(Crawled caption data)
== Segment start ==
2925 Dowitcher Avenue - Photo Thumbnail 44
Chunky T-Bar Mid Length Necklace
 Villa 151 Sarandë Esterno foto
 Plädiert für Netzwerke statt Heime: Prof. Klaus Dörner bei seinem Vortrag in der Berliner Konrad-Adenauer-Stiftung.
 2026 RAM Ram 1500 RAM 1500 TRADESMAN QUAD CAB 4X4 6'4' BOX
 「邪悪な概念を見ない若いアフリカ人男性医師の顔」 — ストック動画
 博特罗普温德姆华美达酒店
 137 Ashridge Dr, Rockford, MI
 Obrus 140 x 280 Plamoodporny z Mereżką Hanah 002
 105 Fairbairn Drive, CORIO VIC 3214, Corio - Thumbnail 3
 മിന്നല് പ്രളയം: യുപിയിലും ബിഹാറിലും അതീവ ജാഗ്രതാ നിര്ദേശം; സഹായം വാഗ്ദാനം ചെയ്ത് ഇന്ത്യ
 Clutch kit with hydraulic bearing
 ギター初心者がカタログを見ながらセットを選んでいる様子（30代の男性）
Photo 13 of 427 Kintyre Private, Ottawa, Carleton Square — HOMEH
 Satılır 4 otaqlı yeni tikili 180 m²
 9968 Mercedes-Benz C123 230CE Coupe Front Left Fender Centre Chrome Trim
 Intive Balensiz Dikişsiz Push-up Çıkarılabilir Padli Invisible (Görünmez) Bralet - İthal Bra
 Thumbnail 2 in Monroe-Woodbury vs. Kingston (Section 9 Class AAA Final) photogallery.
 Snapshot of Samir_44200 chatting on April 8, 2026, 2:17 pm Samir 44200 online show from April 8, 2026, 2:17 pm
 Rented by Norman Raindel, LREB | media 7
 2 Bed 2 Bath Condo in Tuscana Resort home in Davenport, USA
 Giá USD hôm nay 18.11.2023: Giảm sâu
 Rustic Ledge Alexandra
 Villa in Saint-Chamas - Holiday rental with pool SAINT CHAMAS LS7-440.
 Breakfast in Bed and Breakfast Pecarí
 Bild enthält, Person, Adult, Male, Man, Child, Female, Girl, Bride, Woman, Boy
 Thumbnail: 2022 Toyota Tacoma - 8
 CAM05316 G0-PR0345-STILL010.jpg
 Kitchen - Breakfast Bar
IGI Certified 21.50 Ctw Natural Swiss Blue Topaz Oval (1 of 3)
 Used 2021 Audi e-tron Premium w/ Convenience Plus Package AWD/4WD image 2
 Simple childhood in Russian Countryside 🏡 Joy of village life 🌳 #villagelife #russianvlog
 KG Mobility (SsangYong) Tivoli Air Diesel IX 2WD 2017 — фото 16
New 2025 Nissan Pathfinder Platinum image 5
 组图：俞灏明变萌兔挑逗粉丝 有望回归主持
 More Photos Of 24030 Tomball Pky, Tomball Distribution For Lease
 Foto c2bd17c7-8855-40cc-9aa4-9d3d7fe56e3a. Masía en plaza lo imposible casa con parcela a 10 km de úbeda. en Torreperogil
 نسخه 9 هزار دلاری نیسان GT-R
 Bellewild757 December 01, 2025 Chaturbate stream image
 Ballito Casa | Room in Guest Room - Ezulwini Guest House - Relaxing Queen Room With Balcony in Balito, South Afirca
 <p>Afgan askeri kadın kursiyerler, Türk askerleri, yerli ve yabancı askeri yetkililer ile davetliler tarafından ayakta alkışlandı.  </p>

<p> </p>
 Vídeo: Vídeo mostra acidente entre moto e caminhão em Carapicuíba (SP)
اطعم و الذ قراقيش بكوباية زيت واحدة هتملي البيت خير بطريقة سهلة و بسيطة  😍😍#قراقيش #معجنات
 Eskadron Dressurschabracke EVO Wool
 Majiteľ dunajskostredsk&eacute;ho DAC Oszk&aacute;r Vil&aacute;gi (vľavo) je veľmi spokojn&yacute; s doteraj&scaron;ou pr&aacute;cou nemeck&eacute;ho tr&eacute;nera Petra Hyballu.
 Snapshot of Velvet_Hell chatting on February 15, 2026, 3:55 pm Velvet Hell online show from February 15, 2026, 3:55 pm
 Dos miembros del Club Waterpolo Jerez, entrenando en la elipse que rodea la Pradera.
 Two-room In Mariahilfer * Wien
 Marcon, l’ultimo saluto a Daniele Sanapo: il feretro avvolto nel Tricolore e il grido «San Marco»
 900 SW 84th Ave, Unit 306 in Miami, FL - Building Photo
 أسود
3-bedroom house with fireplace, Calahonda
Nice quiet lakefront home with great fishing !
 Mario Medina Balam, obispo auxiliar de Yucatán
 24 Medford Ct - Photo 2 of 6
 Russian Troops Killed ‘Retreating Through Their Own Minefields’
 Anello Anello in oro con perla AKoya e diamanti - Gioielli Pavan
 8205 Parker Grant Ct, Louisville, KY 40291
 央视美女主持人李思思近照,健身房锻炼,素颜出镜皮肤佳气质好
== Segment end ==
Every record must be set down again exactly.

2925 Dowitcher Avenue - Photo Thumbnail 44
Chunky T-Bar Mid Length Necklace
 Villa 151 Sarandë Esterno foto
 Plädiert für Netzwerke statt Heime: Prof. Klaus Dörner bei seinem Vortrag in der Berliner Konrad-Adenauer-Stiftung.
 2026 RAM Ram 1500 RAM 1500 TRADESMAN QUAD CAB 4X4 6'4' BOX
 「邪悪な概念を見ない若いアフリカ人男性医師の顔」 — ストック動画
 博特罗普温德姆华美达酒店
 137 Ashridge Dr, Rockford, MI
 Obrus 140 x 280 Plamoodporny z Mereżką Hanah 002
 105 Fairbairn Drive, CORIO VIC 3214, Corio - Thumbnail 3
 മിന്നല് പ്രളയം: യുപിയിലും ബിഹാറിലും അതീവ ജാഗ്രതാ നിര്ദേശം; സഹായം വാഗ്ദാനം ചെയ്ത് ഇന്ത്യ
 Clutch kit with hydraulic bearing
 ギター初心者がカタログを見ながらセットを選んでいる様子（30代の男性）
Photo 13 of 427 Kintyre Private, Ottawa, Carleton Square — HOMEH
 Satılır 4 otaqlı yeni tikili 180 m²
 9968 Mercedes-Benz C123 230CE Coupe Front Left Fender Centre Chrome Trim
 Intive Balensiz Dikişsiz Push-up Çıkarılabilir Padli Invisible (Görünmez) Bralet - İthal Bra
 Thumbnail 2 in Monroe-Woodbury vs. Kingston (Section 9 Class AAA Final) photogallery.
 Snapshot of Samir_44200 chatting on April 8, 2026, 2:17 pm Samir 44200 online show from April 8, 2026, 2:17 pm
 Rented by Norman Raindel, LREB | media 7
 2 Bed 2 Bath Condo in Tuscana Resort home in Davenport, USA
 Giá USD hôm nay 18.11.2023: Giảm sâu
 Rustic Ledge Alexandra
 Villa in Saint-Chamas - Holiday rental with pool SAINT CHAMAS LS7-440.
 Breakfast in Bed and Breakfast Pecarí
 Bild enthält, Person, Adult, Male, Man, Child, Female, Girl, Bride, Woman, Boy
 Thumbnail: 2022 Toyota Tacoma - 8
 CAM05316 G0-PR0345-STILL010.jpg
 Kitchen - Breakfast Bar
IGI Certified 21.50 Ctw Natural Swiss Blue Topaz Oval (1 of 3)
 Used 2021 Audi e-tron Premium w/ Convenience Plus Package AWD/4WD image 2
 Simple childhood in Russian Countryside 🏡 Joy of village life 🌳 #villagelife #russianvlog
 KG Mobility (SsangYong) Tivoli Air Diesel IX 2WD 2017 — фото 16
New 2025 Nissan Pathfinder Platinum image 5
 组图：俞灏明变萌兔挑逗粉丝 有望回归主持
 More Photos Of 24030 Tomball Pky, Tomball Distribution For Lease
 Foto c2bd17c7-8855-40cc-9aa4-9d3d7fe56e3a. Masía en plaza lo imposible casa con parcela a 10 km de úbeda. en Torreperogil
 نسخه 9 هزار دلاری نیسان GT-R
 Bellewild757 December 01, 2025 Chaturbate stream image
 Ballito Casa | Room in Guest Room - Ezulwini Guest House - Relaxing Queen Room With Balcony in Balito, South Afirca
 <p>Afgan askeri kadın kursiyerler, Türk askerleri, yerli ve yabancı askeri yetkililer ile davetliler tarafından ayakta alkışlandı.  </p>

<p> </p>
 Vídeo: Vídeo mostra acidente entre moto e caminhão em Carapicuíba (SP)
اطعم و الذ قراقيش بكوباية زيت واحدة هتملي البيت خير بطريقة سهلة و بسيطة  😍😍#قراقيش #معجنات
 Eskadron Dressurschabracke EVO Wool
 Majiteľ dunajskostredsk&eacute;ho DAC Oszk&aacute;r Vil&aacute;gi (vľavo) je veľmi spokojn&yacute; s doteraj&scaron;ou pr&aacute;cou nemeck&eacute;ho tr&eacute;nera Petra Hyballu.
 Snapshot of Velvet_Hell chatting on February 15, 2026, 3:55 pm Velvet Hell online show from February 15, 2026, 3:55 pm
 Dos miembros del Club Waterpolo Jerez, entrenando en la elipse que rodea la Pradera.
 Two-room In Mariahilfer * Wien
 Marcon, l’ultimo saluto a Daniele Sanapo: il feretro avvolto nel Tricolore e il grido «San Marco»
 900 SW 84th Ave, Unit 306 in Miami, FL - Building Photo
 أسود
3-bedroom house with fireplace, Calahonda
Nice quiet lakefront home with great fishing !
 Mario Medina Balam, obispo auxiliar de Yucatán
 24 Medford Ct - Photo 2 of 6
 Russian Troops Killed ‘Retreating Through Their Own Minefields’
 Anello Anello in oro con perla AKoya e diamanti - Gioielli Pavan
 8205 Parker Grant Ct, Louisville, KY 40291
 央视美女主持人李思思近照,健身房锻炼,素颜出镜皮肤佳气质好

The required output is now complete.